╔══

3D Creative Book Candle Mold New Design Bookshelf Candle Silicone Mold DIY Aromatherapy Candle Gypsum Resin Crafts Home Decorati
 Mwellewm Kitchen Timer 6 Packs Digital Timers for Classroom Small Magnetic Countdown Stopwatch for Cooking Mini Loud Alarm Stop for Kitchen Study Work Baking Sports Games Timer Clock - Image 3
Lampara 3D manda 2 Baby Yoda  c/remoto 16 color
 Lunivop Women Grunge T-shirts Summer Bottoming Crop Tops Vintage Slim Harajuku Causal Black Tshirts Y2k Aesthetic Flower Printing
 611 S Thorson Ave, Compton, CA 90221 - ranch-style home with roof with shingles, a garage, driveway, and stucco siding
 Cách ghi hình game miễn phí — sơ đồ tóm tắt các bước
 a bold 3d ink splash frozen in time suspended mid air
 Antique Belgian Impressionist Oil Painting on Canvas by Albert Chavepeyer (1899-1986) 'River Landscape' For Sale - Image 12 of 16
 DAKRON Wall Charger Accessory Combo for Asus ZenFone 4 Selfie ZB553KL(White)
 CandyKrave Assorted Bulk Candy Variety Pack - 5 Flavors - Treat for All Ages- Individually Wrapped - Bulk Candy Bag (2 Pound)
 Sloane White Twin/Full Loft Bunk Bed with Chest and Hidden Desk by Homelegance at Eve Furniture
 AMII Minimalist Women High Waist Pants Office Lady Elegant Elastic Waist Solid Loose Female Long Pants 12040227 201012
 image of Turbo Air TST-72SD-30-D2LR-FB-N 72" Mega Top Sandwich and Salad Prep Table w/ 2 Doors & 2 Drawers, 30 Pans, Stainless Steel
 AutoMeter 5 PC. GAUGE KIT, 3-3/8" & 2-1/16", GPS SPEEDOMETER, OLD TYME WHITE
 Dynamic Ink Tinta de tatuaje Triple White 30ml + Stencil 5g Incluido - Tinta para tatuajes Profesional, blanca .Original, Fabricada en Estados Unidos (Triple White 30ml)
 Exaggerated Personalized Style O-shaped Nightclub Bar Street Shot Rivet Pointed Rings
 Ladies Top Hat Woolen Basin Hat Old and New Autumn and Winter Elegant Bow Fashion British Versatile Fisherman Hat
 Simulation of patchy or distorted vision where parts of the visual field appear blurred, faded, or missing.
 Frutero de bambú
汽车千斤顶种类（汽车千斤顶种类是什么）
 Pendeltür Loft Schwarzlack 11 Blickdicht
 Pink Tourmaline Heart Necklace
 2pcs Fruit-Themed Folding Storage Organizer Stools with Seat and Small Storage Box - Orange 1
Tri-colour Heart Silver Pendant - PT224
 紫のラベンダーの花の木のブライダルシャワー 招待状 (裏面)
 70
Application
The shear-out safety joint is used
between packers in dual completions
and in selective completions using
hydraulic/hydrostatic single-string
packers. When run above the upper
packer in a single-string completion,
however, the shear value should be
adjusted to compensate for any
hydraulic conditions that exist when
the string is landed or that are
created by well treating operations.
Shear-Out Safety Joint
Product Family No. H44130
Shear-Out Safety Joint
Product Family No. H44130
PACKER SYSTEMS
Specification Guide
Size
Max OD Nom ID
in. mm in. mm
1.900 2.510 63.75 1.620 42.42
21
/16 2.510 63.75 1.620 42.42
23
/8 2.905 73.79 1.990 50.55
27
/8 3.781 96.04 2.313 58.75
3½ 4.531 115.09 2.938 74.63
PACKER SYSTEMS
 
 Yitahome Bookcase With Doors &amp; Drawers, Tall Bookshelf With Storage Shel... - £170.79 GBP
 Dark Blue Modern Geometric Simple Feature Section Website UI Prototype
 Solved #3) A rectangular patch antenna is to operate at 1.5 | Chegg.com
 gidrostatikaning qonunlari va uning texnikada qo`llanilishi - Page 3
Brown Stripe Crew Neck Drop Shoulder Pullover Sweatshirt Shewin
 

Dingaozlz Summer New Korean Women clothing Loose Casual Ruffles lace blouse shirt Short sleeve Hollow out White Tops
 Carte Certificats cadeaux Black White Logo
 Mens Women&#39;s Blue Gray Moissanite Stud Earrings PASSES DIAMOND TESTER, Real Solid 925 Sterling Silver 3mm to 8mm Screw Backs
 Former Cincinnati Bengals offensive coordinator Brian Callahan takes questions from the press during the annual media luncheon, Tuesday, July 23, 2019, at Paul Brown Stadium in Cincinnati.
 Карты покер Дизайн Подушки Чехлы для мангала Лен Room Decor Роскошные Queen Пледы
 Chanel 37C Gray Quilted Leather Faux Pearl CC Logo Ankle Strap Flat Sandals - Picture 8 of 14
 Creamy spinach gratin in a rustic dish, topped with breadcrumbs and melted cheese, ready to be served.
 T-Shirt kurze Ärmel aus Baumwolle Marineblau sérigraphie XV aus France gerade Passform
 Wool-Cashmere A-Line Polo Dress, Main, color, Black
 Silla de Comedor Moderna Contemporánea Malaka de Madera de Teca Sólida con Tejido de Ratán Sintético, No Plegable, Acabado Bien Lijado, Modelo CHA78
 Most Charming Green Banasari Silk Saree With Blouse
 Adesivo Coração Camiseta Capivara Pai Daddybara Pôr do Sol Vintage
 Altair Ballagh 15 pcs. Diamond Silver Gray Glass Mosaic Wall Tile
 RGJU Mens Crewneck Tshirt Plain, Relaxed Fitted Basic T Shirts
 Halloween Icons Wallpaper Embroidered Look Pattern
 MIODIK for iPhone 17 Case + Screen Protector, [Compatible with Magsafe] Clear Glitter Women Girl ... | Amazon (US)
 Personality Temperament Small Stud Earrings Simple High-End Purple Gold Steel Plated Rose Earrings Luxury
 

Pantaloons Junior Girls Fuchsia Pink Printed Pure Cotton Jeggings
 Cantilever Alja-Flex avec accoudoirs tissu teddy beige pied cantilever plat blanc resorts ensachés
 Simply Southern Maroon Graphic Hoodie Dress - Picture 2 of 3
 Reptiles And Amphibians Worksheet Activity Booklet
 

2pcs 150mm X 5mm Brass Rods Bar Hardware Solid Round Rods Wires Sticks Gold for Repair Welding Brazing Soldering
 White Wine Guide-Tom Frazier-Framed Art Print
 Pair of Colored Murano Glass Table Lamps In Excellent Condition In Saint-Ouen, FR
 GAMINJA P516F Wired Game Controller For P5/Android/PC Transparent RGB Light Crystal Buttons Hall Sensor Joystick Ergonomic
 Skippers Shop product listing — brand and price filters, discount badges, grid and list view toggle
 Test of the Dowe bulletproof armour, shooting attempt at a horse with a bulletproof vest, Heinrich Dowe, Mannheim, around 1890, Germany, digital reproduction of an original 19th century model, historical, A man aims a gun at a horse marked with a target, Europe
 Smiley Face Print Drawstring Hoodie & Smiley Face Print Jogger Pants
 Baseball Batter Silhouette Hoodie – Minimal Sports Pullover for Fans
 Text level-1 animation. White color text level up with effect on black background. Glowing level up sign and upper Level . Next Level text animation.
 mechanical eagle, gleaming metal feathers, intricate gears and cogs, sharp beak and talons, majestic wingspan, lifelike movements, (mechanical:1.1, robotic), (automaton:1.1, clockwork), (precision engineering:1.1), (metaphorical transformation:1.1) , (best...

╚══

> **Task goal**:
Word for word, restate the lines of the listing above starting at the line with "611 S Thorson" and ending at the line with "Antique Belgian Impressionist", and nothing outside them.

> **Task solution**:
 611 S Thorson Ave, Compton, CA 90221 - ranch-style home with roof with shingles, a garage, driveway, and stucco siding
 Cách ghi hình game miễn phí — sơ đồ tóm tắt các bước
 a bold 3d ink splash frozen in time suspended mid air
 Antique Belgian Impressionist Oil Painting on Canvas by Albert Chavepeyer (1899-1986) 'River Landscape' For Sale - Image 12 of 16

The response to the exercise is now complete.